Day by Day in El Salvador - A Discussion

Day Two in El Salvador

Day Two in El salvador looks like this:

AM: Workshop with Equipo Maíz on socio-political history of El Salvador
PM: “Contrasts Tour” of San Salvador to witness the geographical distribution of social
inequity and exclusion among some of San Salvador’s neighbourhoods

We are starting our discussion with Day Two because we will only get into San Salvador around 8:30 PM - too late to do anything but get settled and sleep - the travel days are long!

We start Day Two by visiting with Equipo Maiz.  This is the best way to start.  On past trips we have had a terrific introduction to the history of El Salvador from this group.

They have a very interesting way of teaching using popular education techniques.  Equipo Maiz has conducted workshops throughout Latin America and the United States.  They use great illustrations like the one above to build a picture of how the current struggles in this country have evolved over time.

This is really important - how can people expect to understand the current dynamic in this country unless they have some understanding of its history?

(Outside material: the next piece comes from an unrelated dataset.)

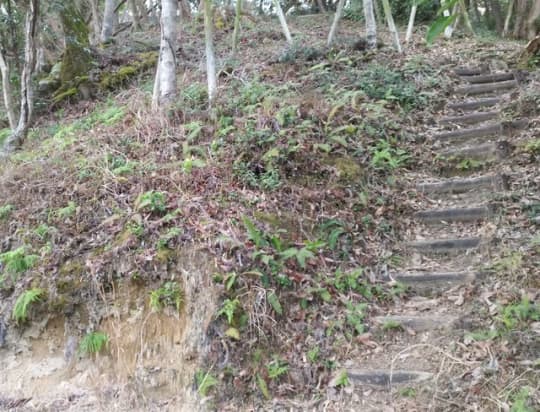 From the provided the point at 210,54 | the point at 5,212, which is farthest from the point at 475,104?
the point at 5,212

Here is an excerpt from one of my journals detailing my first visit with Equipo Maiz in 2005:

We went to a lot of meetings in the first two days in El Salvador. On our second full day 
we met with Equipo Maiz, the Corn Team, who gave us an alternative history of El 
Salvador. History is so important if we want to get a true measure of the character of a 
country. This is the specialty of Equipo Maiz. They have worked since 1983 with small 
communities to develop a greater understanding of the people’s situation. Through 
workshops on gender issues, civil participation, privatization and leadership, they hope to 
equip people with the knowledge to better understand their current situation. They also 
specialize in telling the story of El Salvador’s past.

A key point in the story. In 1932, the government exterminated over 30,000 indigenous 
people after a failed revolt. This has resulted in the total denial of the native heritage of 
the Salvadorans. Unlike Mexico and Guatemala, there is no talk of an indigenous culture 
in El Salvador. There are really only two indigenous communities now in El Salvador. 
You can see the native heritage in the faces of the people, but the culture is kept in check. 
People fear a return to the 1930’s. They have good reason for their fears. Other 
countries like Haiti and Guatemala have suffered from similar disasters. 

Our history lesson included the FMLN, still a strong presence in the country. The 
FMLN, named after Farabundo Marti, the leader of the indigenous insurrection of the 
1930’s is a coalition of leftwing groups that formed in 1980 to present an armed front to 
the military government of the country. Most of the areas we visited are controlled by 
the FMLN, now a legitimate political party. Many of the people we worked with, 
including Miguel and Damian are ex-FMLN fighters. 

The afternoon activity is new to me - I will ask Rene our trip coordinator for information about this and add this to our blog.

What questions do you have for Equipo Maiz?